This study was approved by the Animal Care and Use Committee of the USDA Human Nutrition Research Center on Aging at Tufts University. Male Sprague-Dawley rats (n = 20; 130 g, Charles River, Wilmington, MA) at 8 wk of age were randomly assigned to two groups (n = 10/group). The experimental group was fed a Lieber-DeCarli liquid diet containing 36% of total energy as ethanol, yielding a concentration of 6.2% (v/v). The ethanol was gradually introduced over a 2-wk adaptation period (Lieber et al. 1989 ). In the control diet, alcohol was replaced by an isocaloric amount of maltodextrin (Purina Test Diets, Richmond, IN, codes LD 106 and LD 106A-1, respectively). Both diets contained 16.4% of energy as protein and 35% of energy as fat. In the control diet, 48.6% of energy appeared as carbohydrates; in the alcoholic diet this figure was 12.6%. An accurate description of the diet nutrient composition is shown in Table 1 . The folate concentration of the diet was 2 mg/L, which is equivalent to 8 mg/kg in a dry diet on a per daily consumption basis. The daily requirement of folate in rats has been defined variously to be between 2 and 8 mg/kg in a dry diet (American Institute of Nutrition 1977 , Reeves et al. 1993 ). Succinylsulfathiazole (SST), a sulfonamide antibiotic, was added at a concentration of 3.3 g/kg to prevent additional folate synthesis by intestinal bacteria, thereby enabling us to control precisely the folate status of the rats, a dietary factor that we have shown previously to be an important determinant of p53 methylation (Kim et al. 1997 ).

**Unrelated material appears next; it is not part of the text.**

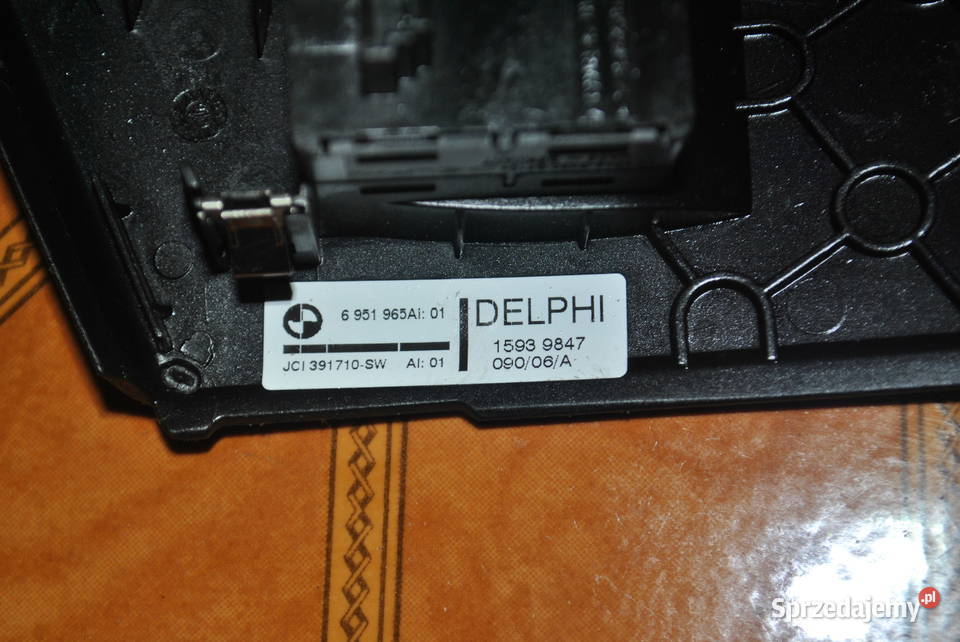 Przełącznik podnośnika szyby prawej tylnej BMW Poręba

The SST concentration used in our experiment is equivalent to adding 1% SST to a solid diet, a maneuver that has been used extensively to control folate status predictably in rodents (Walzem and Clifford 1988 ). Each rat from the alcohol group was matched by weight with another individual from the control group and pair-fed. Control rats were fed the same amount of liquid diet that had been consumed by their partner rats from the alcohol group the day before. Rats were housed individually in wire-bottomed stainless steel cages to minimize coprophagy. Water was not given because the liquid diet provided a physiologic amount of fluid. Body weights were recorded twice a week.

DNA from colonic mucosal scrapings was extracted by a conventional technique using a lysis buffer containing proteinase K followed by phenol, chloroform, and isoamyl alcohol organic extraction. The purified DNA was dialyzed against 0.1X Tris-EDTA buffer (1 mmol/L Tris-HCl, 0.1 mmol/L EDTA, pH 8.0) by using a conventional drop dialysis method. The size of DNA estimated by agarose gel electrophoresis was 20 kb in all instances. No RNA contamination was detected on agarose gel electrophoresis. The final preparations had an A260/280 ratio ~1.8. The purified DNA was stored at -70°C until the methylation assay.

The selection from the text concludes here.